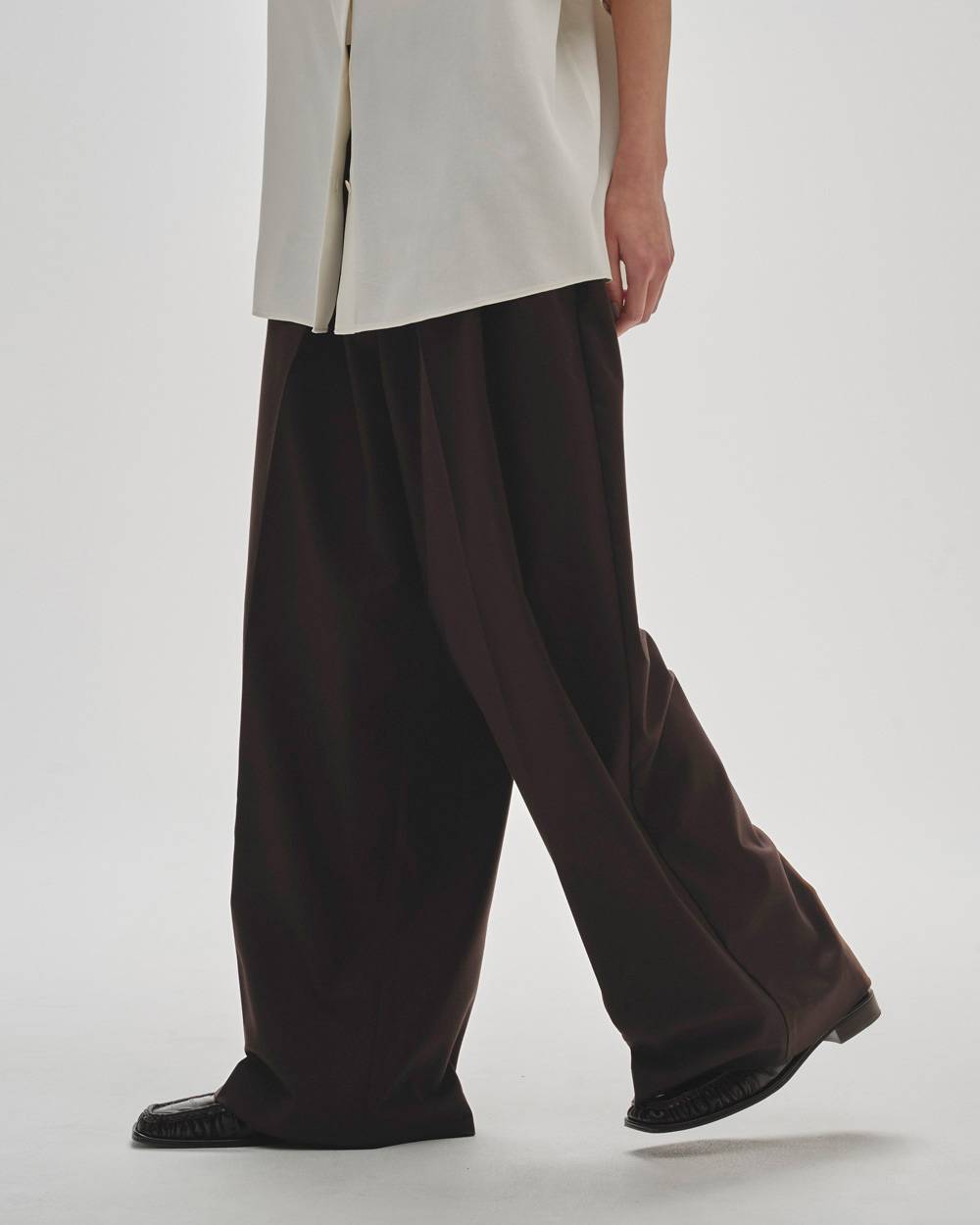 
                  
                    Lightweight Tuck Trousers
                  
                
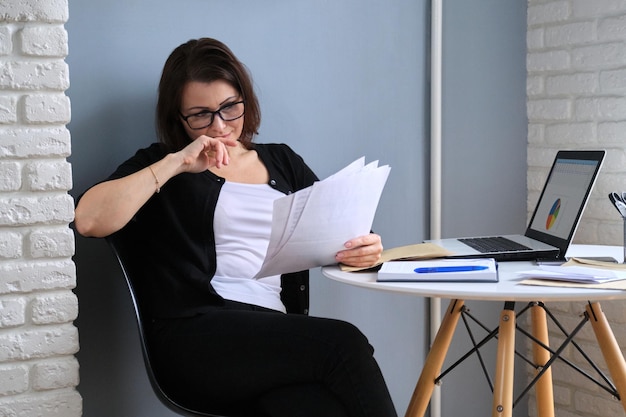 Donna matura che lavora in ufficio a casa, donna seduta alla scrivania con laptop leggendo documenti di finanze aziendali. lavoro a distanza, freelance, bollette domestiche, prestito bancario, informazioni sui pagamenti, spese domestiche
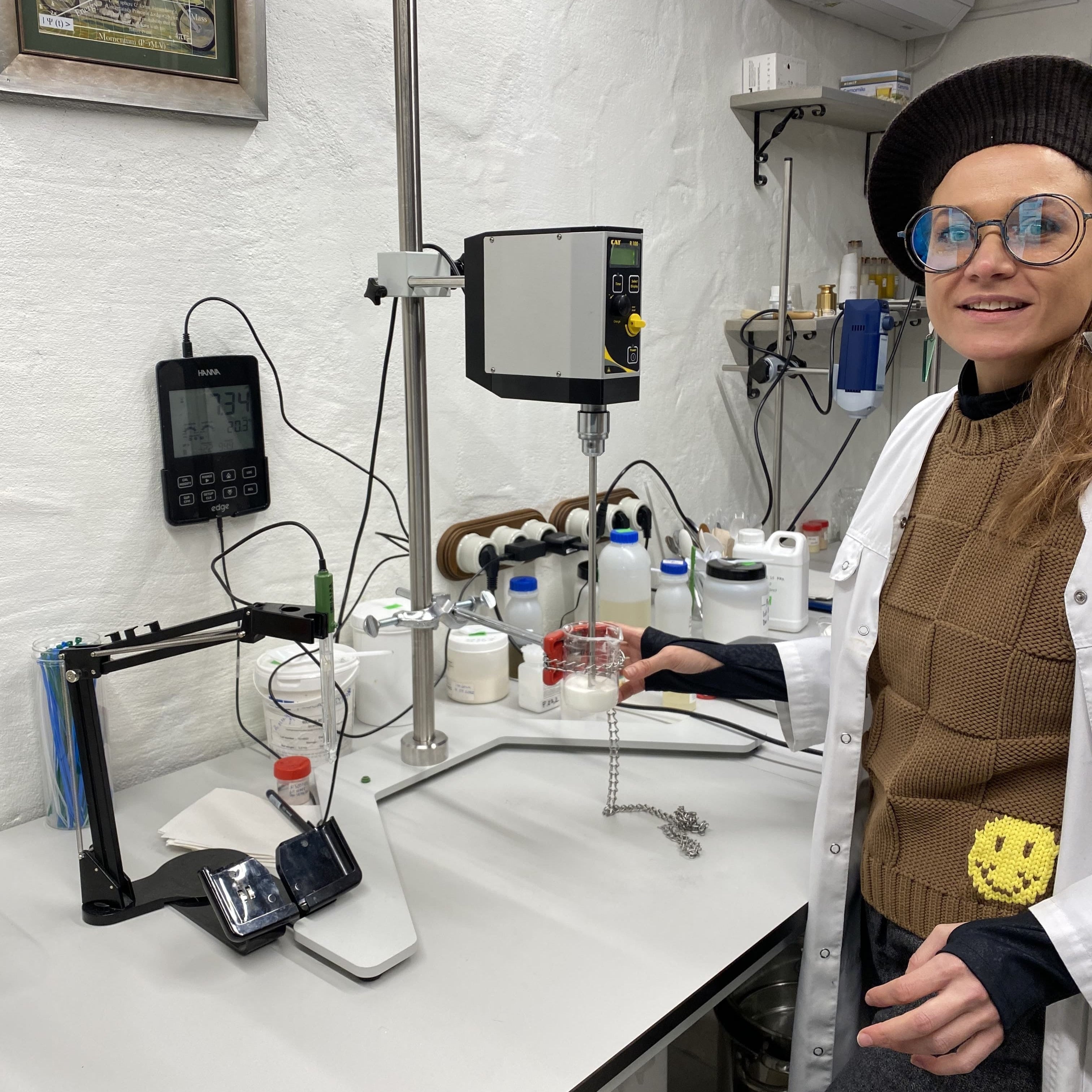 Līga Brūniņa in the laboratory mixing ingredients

▶ [TASK BRIEF] The required output is the span of lines from the line with "Donna matura che" through the final line of the listing above, reproduced exactly, minus the pictures.

▶ [RESPONSE TO THIS EXERCISE]
 Donna matura che lavora in ufficio a casa, donna seduta alla scrivania con laptop leggendo documenti di finanze aziendali. lavoro a distanza, freelance, bollette domestiche, prestito bancario, informazioni sui pagamenti, spese domestiche
 Līga Brūniņa in the laboratory mixing ingredients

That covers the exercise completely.